Things You Should Avoid

If your friend seems moody toward you, don’t take it personally. Their depression symptoms are not their fault, nor are they yours. You may feel frustrated or upset if they continue isolating themselves when you try to include them in plans or if they don’t follow up with you. You may feel like you need space, and that is okay. Avoid placing blame toward them or saying anything that could influence their negative feelings.

Depression symptoms require treatment from a mental health professional. Avoid trying to fix their emotions. You may not have a clear picture of what they are going through. Be mindful of how you use your words when intending to help them feel better. Maintaining positive support lets your friend know they matter to you. You can be a positive influence by reminding them of why you value your friendship and what you like about them.
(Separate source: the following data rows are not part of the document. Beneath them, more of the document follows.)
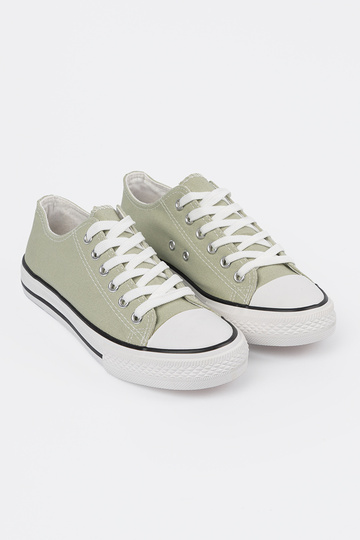 Chaussures pour femmes LIBERO 2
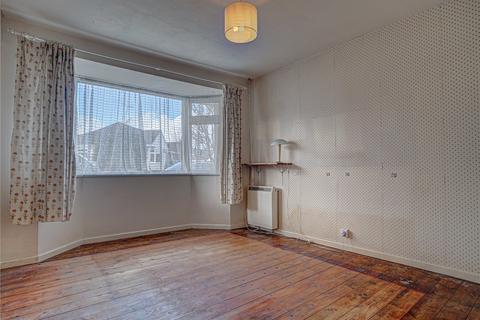 undefined, Riverdale Close, Old Town, Swindon, Wiltshire, SN1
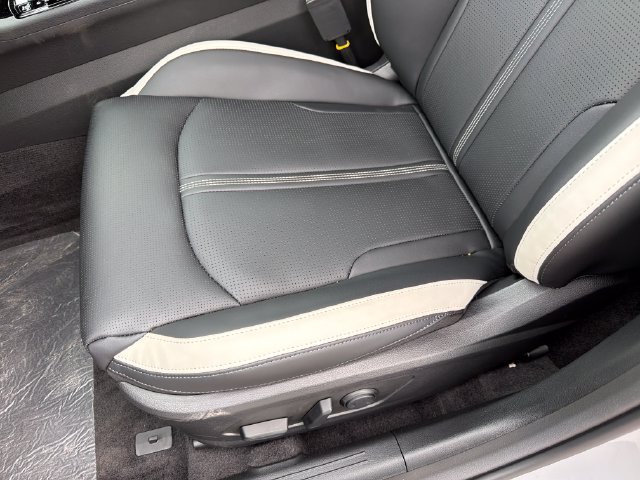 New 2026 Kia K5 GT-Line FWD image 20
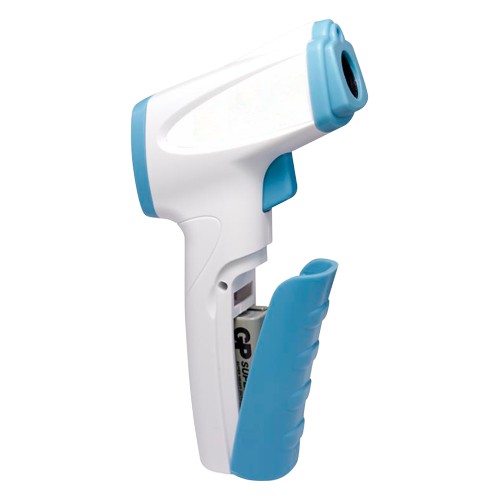 [TEERMB000002] TERMIK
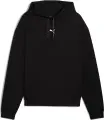 Худі Puma CLOUDSPUN ULTRA SOFT чорне 52759501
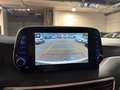 Hyundai TUCSON 1.6 CRDi Feel Comfort Pack AIRCO*GPS*CAMERA*CRUISE Blanc - thumbnail 19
Some suggest avoiding giving advice, even if you have good ideas like exercising or eating healthy. Your friend may not be interested to hear it yet. Be a listener until they show an interest in wanting to learn more. Avoid comparing their experience to others. Sometimes claiming you understand, when you don’t, may not do much to help your friend or their mood. Focus on what they are feeling at the moment. It validates what they are experiencing.

Avoid recommending they should take medication. People with major depression may take medication to help manage their symptoms. For some people, it works, and for others, it doesn’t. It is considered a personal choice. Even if you don’t believe in taking it, try to avoid the subject.

Know When to Step In

A person with major depression may feel unworthy, hopeless, and extreme sadness. Sometimes such feelings may lead to self-harm. It is essential to recognize potential warning signs of someone who may engage in self-injury or attempt to take their life. If you feel your friend is in crisis, encourage them to call their doctor, therapist, the Crisis Text Line by texting “HOME” to 741741, or the National Suicide Prevention Lifeline (800-273-8255). Tell your friend you’ll call for them if they want you to.

Since many people live with depression, depression episodes vary from person to person. Understanding how to help your friend cope includes being a good listener, providing moral support, and letting them know you’ll be there for them. People with major depression are likely to isolate and withdraw from people that care about them. You can play a valuable role in encouraging your friend to stay productive while they cope.